Some librarians have even created a whole tutorial of games along the whole conceit.

http://adventuresofsirlearnsalot.blogspot.com/p/sir-learnsalot-and-sorceress-librarian.html

However, if you prefer a slightly less fanciful metaphors, how about seeing doing literature review through the lens of an explorer in the "literature" jungle- perhaps a collector of rare flowers or plants?

Earlier this year, I stumbled on a blog post , where the author talks about different metaphors for literature review and below is some of the most evocative writing I have seen that I feel accurately describes the process and uncertainty one faces when first trying to make sense of the literature in a new unfamilar area.

"I’m fighting through thick jungle, at any point I may be tripped by a creeper that I haven’t seen, or ambushed by a wily jungle animal. I’m collecting plants and flowers for my museum collection – I am distracted by those that look or smell most beautiful, but it’s important that I make a representative collection and can justify each specimen."

Beautifully put. The overwhelming infomation overload, the confusion of plunging into the thousands of results you get when you enter a keyword in Google Scholar it is all captured beautifully. He continues...

"At almost every step, there is a tantalising byway where I see glimpses of plants that I have not yet collected – but are they important? I need to compare them with all the others, but my bag is so full I can’t easily look through them all. Perhaps I should collect them just in case …. But the weight of all the specimens is slowing me down and I wonder if I will ever find my way out and be able to make sense of the collection."

Indeed, how do you know what is important to collect? How do you know you have collected the right things? Have you missed something critical? So many papers, books and reports to read, so little time. How do you make sense of it all....

As a academic librarian with an interest in literature review and in helping post graduate taking their first steps into research and literature review, I am very always looking for ways to help reduce this initial stage of confusion as much as possible.

Also as I write this in 2020, we are also witnessing the emergence of many new research tools (spurred partly by the availability of open scholarly metadata and full text) that use machine learning smarts, can any of these help? How should we position these bewildering array of new tools in the literature review process?

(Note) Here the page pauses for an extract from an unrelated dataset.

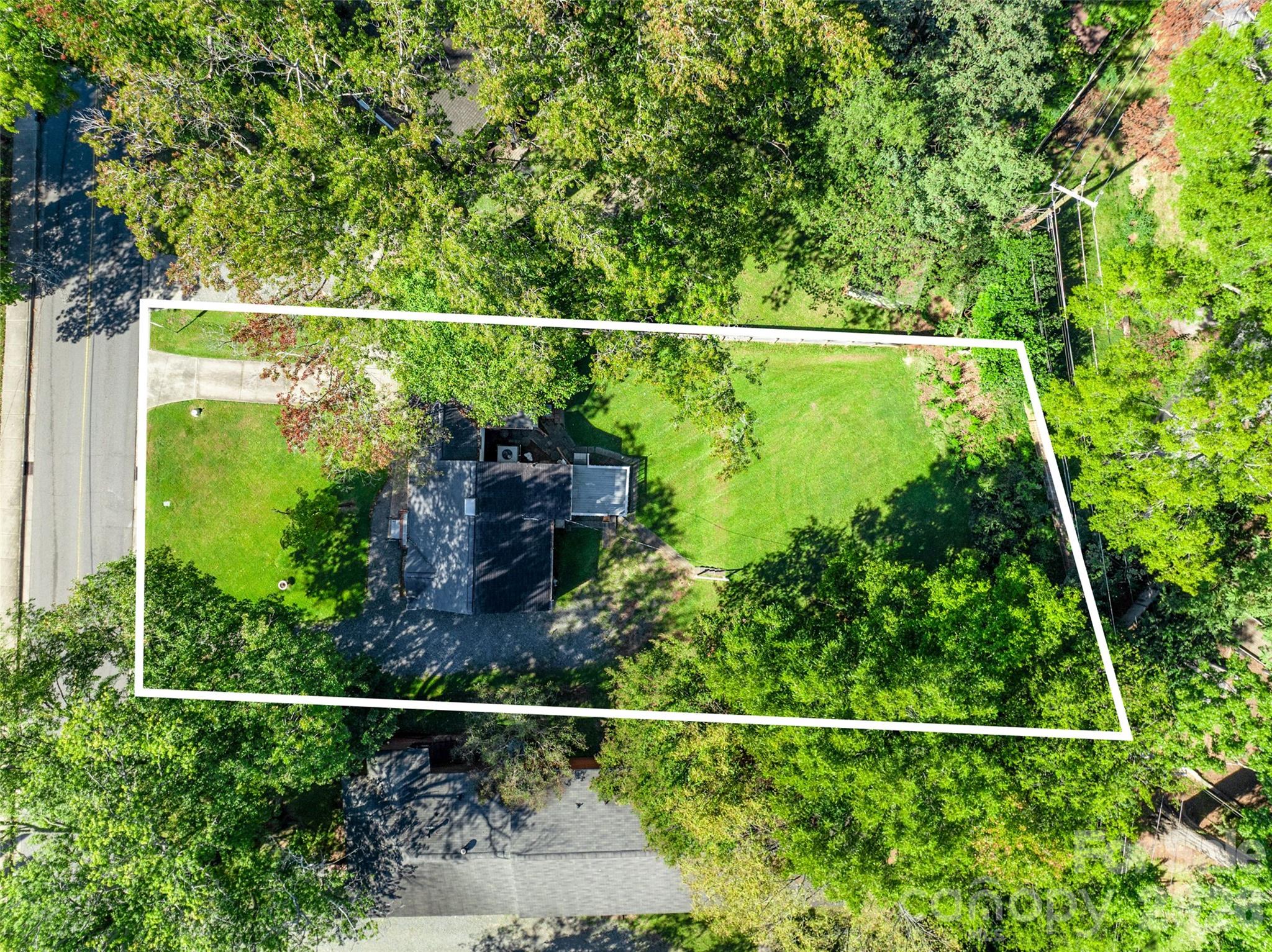 1211 Woodland Drive Property Photo 24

The researcher tool kit metaphor

Back in 2012/2013, there was a series of interesting workshops on the then relatively new library discovery tool - Summon. Librarians were still grappling with how to position such tools and one idea was to describing various use cases metaphorically - e.g. "Summon as a telescope" or "Summon as a microscope" etc.

Of course, on reflection it now seems to me now it is unlikely any single tool could be that flexible, but the idea is one that I will steal here as I classify all the various techniques and tools I am familar with along such lines.

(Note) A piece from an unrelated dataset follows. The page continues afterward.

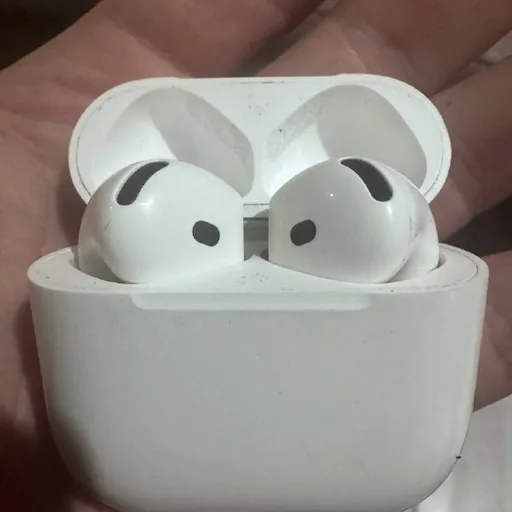 AirPods 4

The collecting kit - Reference Managers and Full text finders

Even before I talk about literature review tools, I usually find it useful to ensure that our users have the fundamentals down so that they can obtain, collect and record what they find in a efficient manner. This is what I call the "collection kit".

I usually advise new users that before they go plunging into the "literature jungle" - throwing keywords at Google scholar and databases to think about how they want to keep track of the literature they have already found.

Using the "log book" or "backpack" metaphor , you need a way to record the papers you have seen or collected and in most cases it means using a reference manager.

While there are many reference managers out there , I find it hard currently to recommend anything else except the free and opensource Zotero due to it useful list of plugins.

Zotero - my currently favoured reference manager

That said, I find some researchers still prefer to use their tried and tested system with Excel or Word setup which is fine. But the next thing I recommend is usually something they do adopt.

It's one thing to find the citation of a paper that is interesting, another to be able to quickly and efficiently get to the full text (or request for the item to be purchased or borrowed by your institution library if necessary).

I use the "shovel" metaphor here, tools or techniques that can quickly allow you to dig up to get the thing you want.

Typically I cover Google Scholar library links just in case even though this is pretty well known.

Library links in Google Scholar is IMHO always worth a brief mention

That said the methods for authenication and access of resources are getting more varied. Currently, Access Broker browser extensions such as Kopernio, Libkey Nomad, Lean Library etc are one of these options that most institutions have started to support.

Awareness of these tools are generally low, so it is usually worth showcasing briefly (I usually show either Google Scholar button and/or Libkey Nomad), other methods like SeamlessAccess, GetFTR might be worth showing in the future.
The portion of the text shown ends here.